Friday, October 04, 2002

How CFMX creates the filename for the compiled version of your CF code

In previous bog entries I've talked about compilation and precompilation of CFMX code into Java. One thing that's been a mystery to many is how CF decides to name the files it creates. Since all CF templates (from all directories) get compiled into the same [cfusionmx]\wwwroot\WEB-INF\cfclasses directory, without any rendering within subdirectories there, there needs to be a way for CFMX (and us) to associate a given file with its source directory.

A CF template named Setsession.cfm might lead to a class file named cfsetsession2ecfm1011928409.class. The numbers that follow the 2ecfm are a hashing of the directory name. Here are the details from Mike Nimer at Macromedia:

How CFMX creates the .class name, or how you can find the name of the .class file you want to delete

The formula is: "cf" + filename + hashCode

The fully canonicalized filename is used, with "/" as the directory separator. The following substitutions are made in the filename:
1.) / becomes __
2.) any other character which would be illegal in a Java identifier is represented as 2 hex digits

hashCode is the hashCode() of the File object which represents this file as documented at

If the hashCode() is negative, it is exclusive-OR'd with 0xFFFFFFFF to get the value used by ColdFusion.

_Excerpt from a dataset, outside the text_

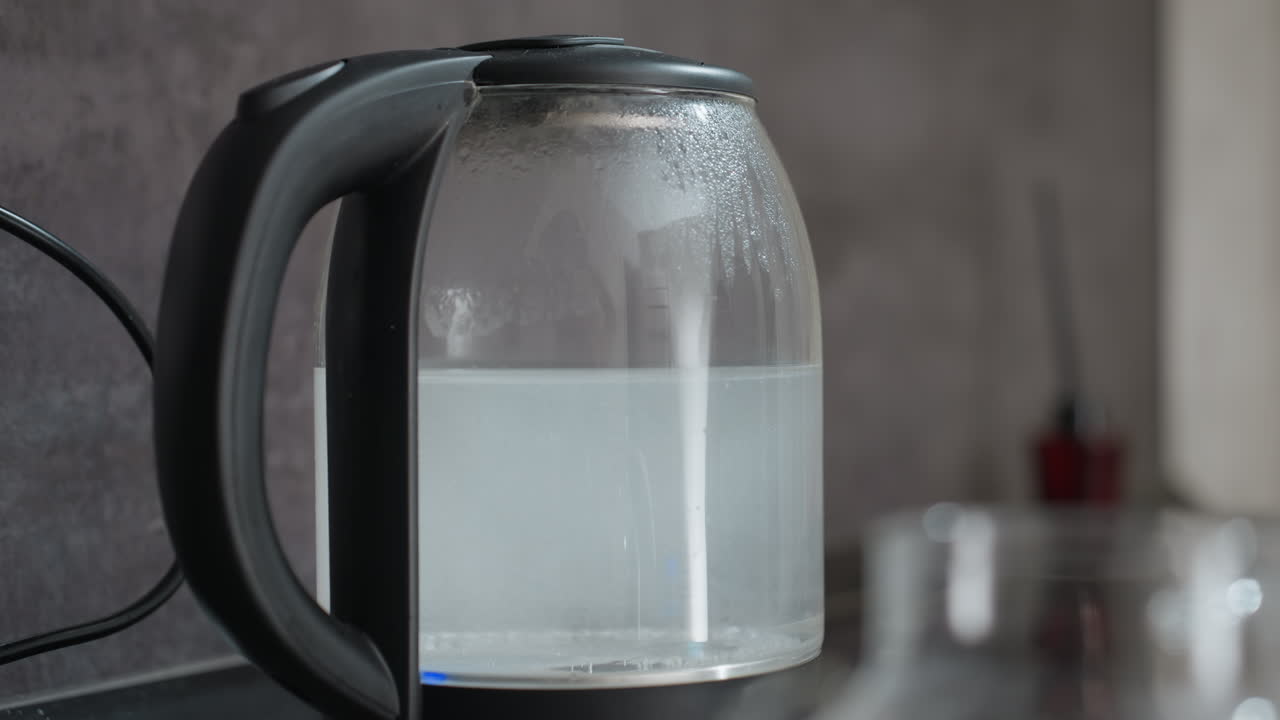 Dampf steigt aus einem blau beleuchteten Kessel auf, eine ruhige Küchenszene mit einem dampfenden Glaskessel mit blauem Licht, eine fokussierte Aufnahme von kochendem Wasser in einem Glaskessel, der inmitten eines gemütlichen Küchenambientes Dampf abgibt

Note that even two files in the same directory could end up with hashcode values that are different. You can prove this by creating two templates in the same folder, with distinctive names that you can readily identify, and then save and execute those pages, and view the latest class files created in the cfclasses folder. Do both those distinctively named files in the same folder show having the same or different codes? If anyone may be able to help understand how that can happen, I'd love to hear.